Muscovy Duck

Muscovy Duck
Roosting on the gate

2011 - My second year of blogging in Brittany

I felt I would like to share some of the photographs I have taken so far this year and some from other years. I live in a beautiful part of Brittany and just love being here. It's a lovely place to photograph and enjoy being in through all the seasons and hopefully this blog will show you where I live my life.

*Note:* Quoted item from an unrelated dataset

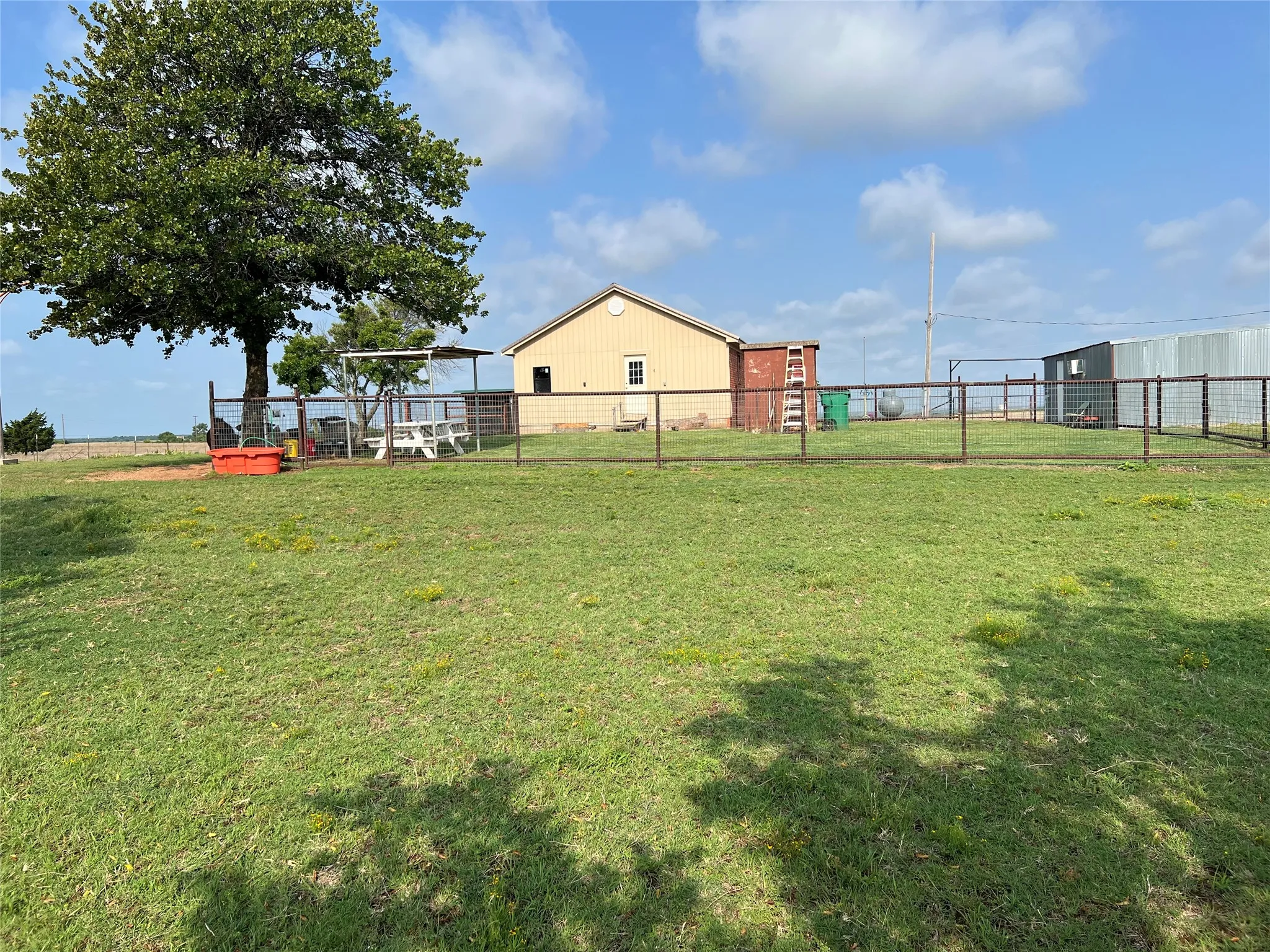 Single Family Residence For Sale in Montague County , 12165 Fm 103, Nocona, Texas 76255, 2 Bedroom, 2 Bathroom, Garage spaces, 825 Sqft, built in 0, mls#21311946, Real Estate Agent in Nocona, Homes For Sale in Montague county, Homes For Sale in Nocona, Realtor in Nocona Texas, Real Estate Brokerage Independent Realty Texas, Luminita Cordes Realtor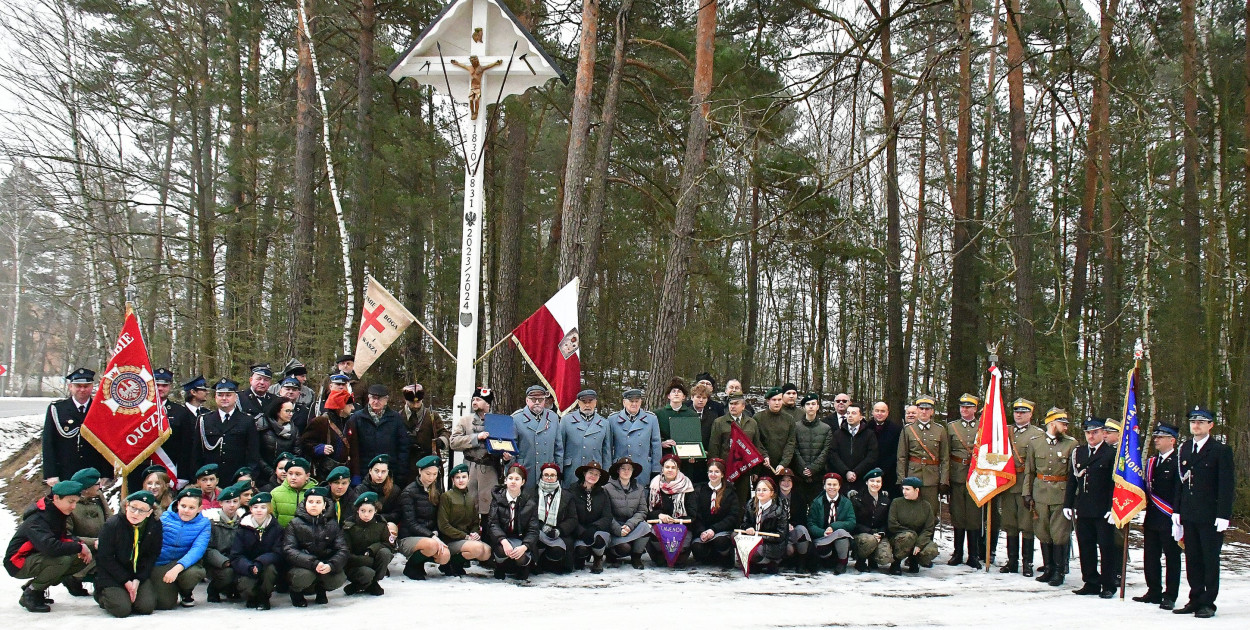 Poświęcenie chorągwi Biłgorajskiej Grupy Rekonstrukcji Historycznej w Starym Bidaczowie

Saturday, February 6, 2010

Saturday, 6 February 2010 - Getting veggies and fruit ready

I went to the local garden shop, Point Vert, yesterday afternoon.  I had wanted to buy some seed potatoes and I bought Charlotte which is what I tend to buy in the supermarket in the summer months.  They gave me a free net of another seed potato called Delice which they said was an all-rounder.  I had been going to cut down my potato crop this year because I'm finding it more and more difficult to dig, but maybe I'll plant some in plastic dustbins so I don't have to use a spade - I can't refuse a freebie. 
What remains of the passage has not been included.